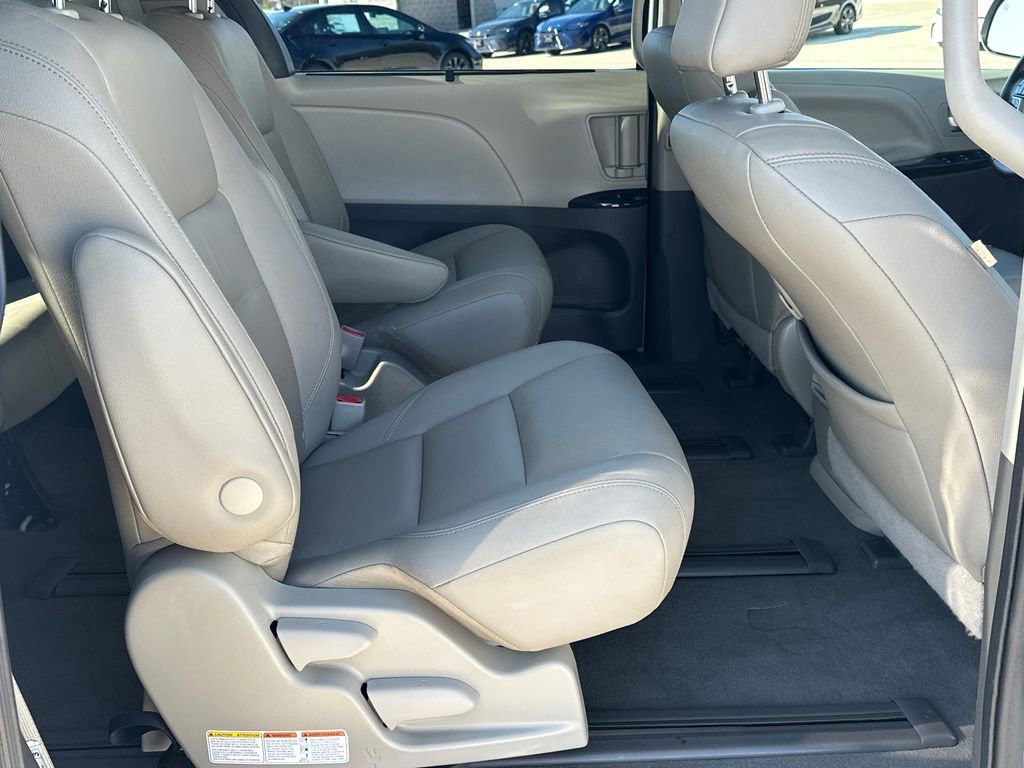 Used 2020 Toyota Sienna XLE Premium image 14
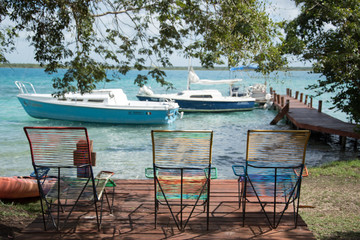 Chaises longues colorées & bateaux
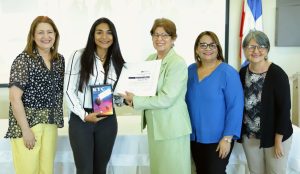 UAPA entrega premios ganadores concurso de cuentos cortos sobre los valores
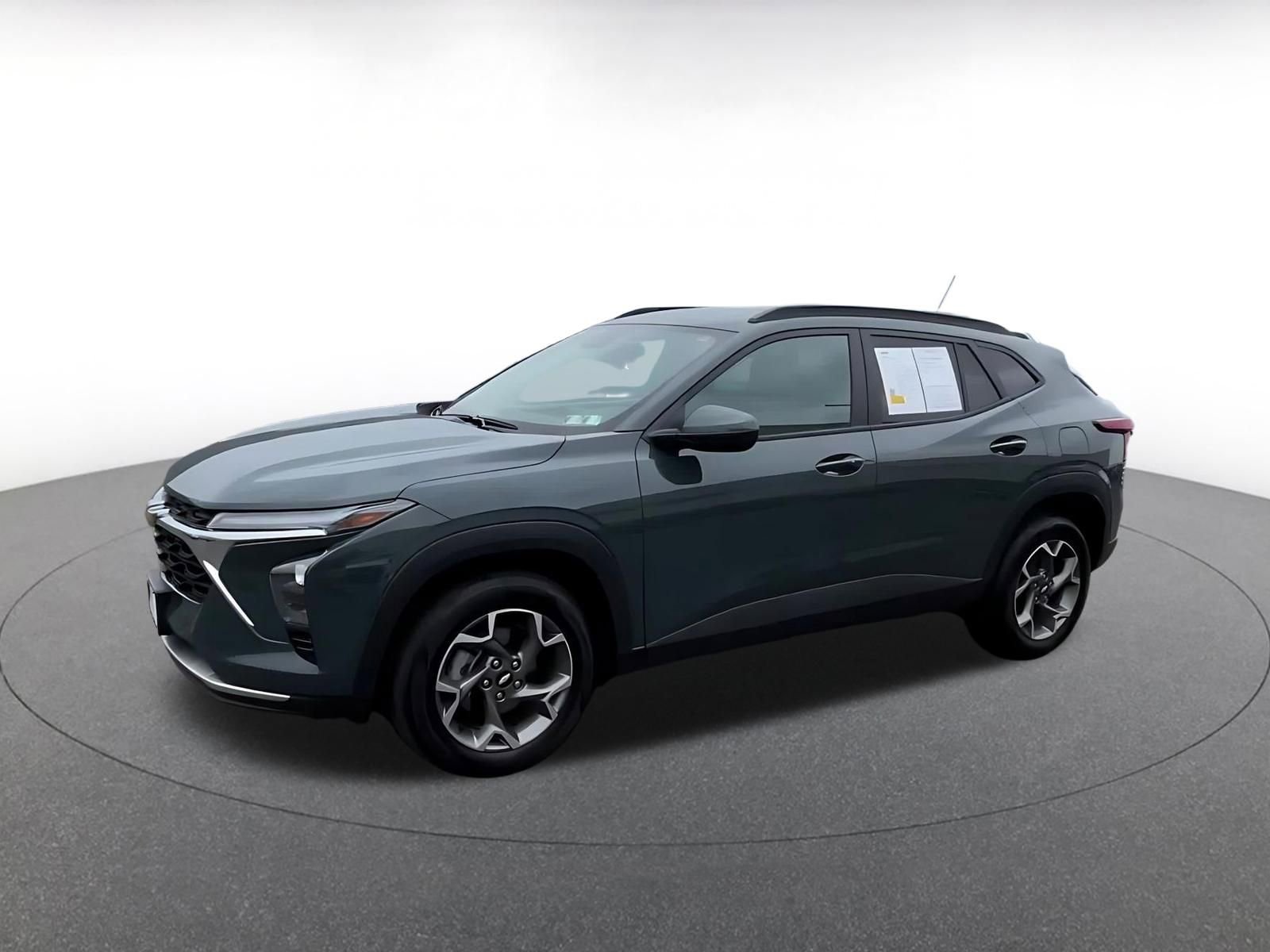 Thumbnail: 2025 Chevrolet Trax - 7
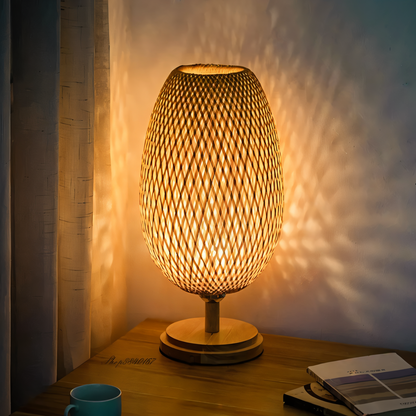 NatureHue – Vintage Bambu Bordslampa – Kreativ Vevad Rattanställningsljus | Veska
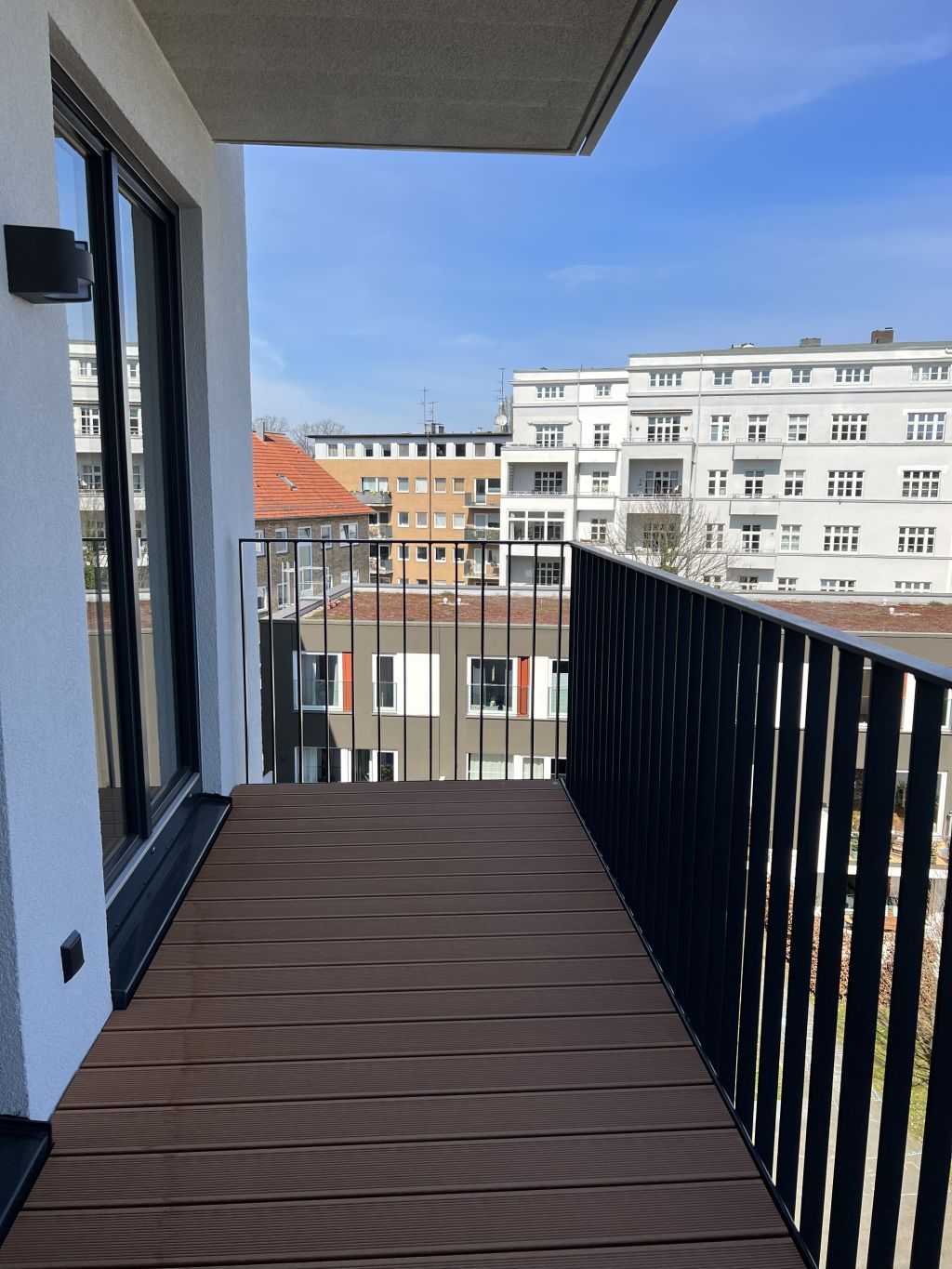 Miete 1 Zimmer Wohnung Hamburg | Ganze Wohnung | Hamburg | Neubau in urbaner Lage - Stilvoll vollmöbliertes Apartment in 4. Etage mit Balkon und Tiefgaragenstellplatz | Hominext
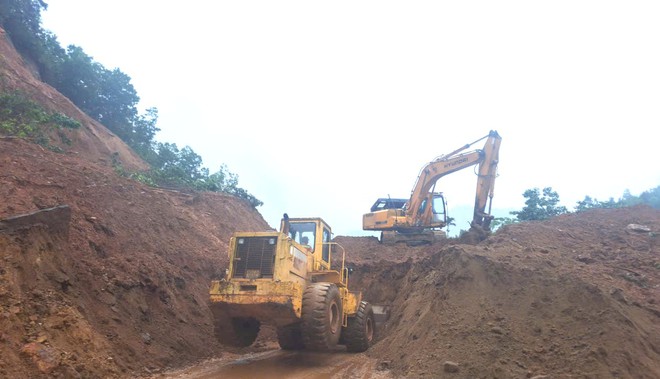 Thông tuyến nhiều vị trí trí sạt lở trên đường Trường Sơn Đông sau mưa lớn kéo dài - Ảnh 6.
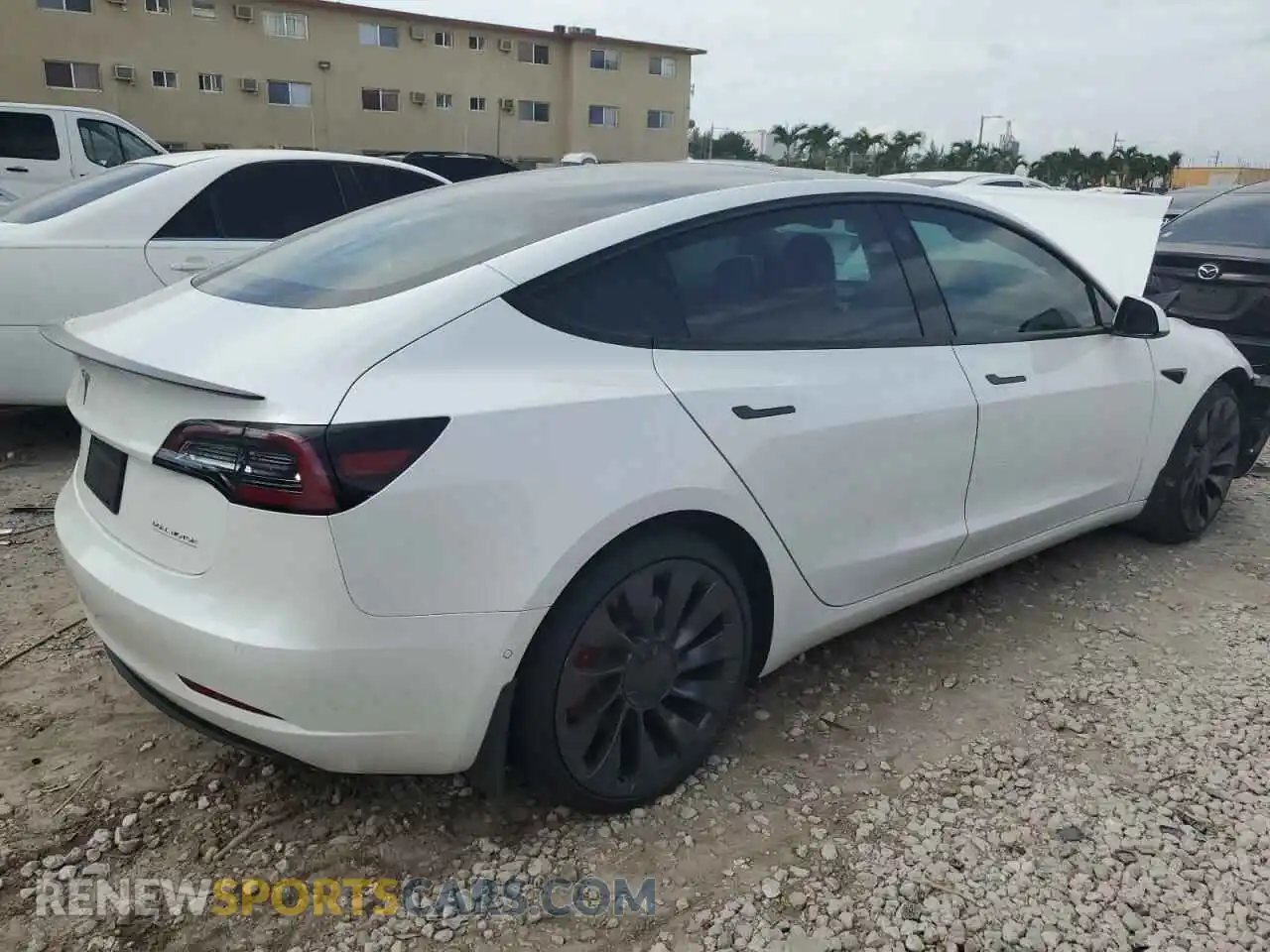 3 Photograph of a damaged car 5YJ3E1ECXMF050287 TESLA MODEL 3 2021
━━━━━━━━
TASK BRIEF: Find where the line with "Thumbnail: 2025 Chevrolet Trax - 7" sits in the material above and where the line with "Miete 1 Zimmer" sits. Set down exactly the lines from the first to the second, both included and nothing else, without pictures.

TASK RESULT:
 Thumbnail: 2025 Chevrolet Trax - 7
 NatureHue – Vintage Bambu Bordslampa – Kreativ Vevad Rattanställningsljus | Veska
 Miete 1 Zimmer Wohnung Hamburg | Ganze Wohnung | Hamburg | Neubau in urbaner Lage - Stilvoll vollmöbliertes Apartment in 4. Etage mit Balkon und Tiefgaragenstellplatz | Hominext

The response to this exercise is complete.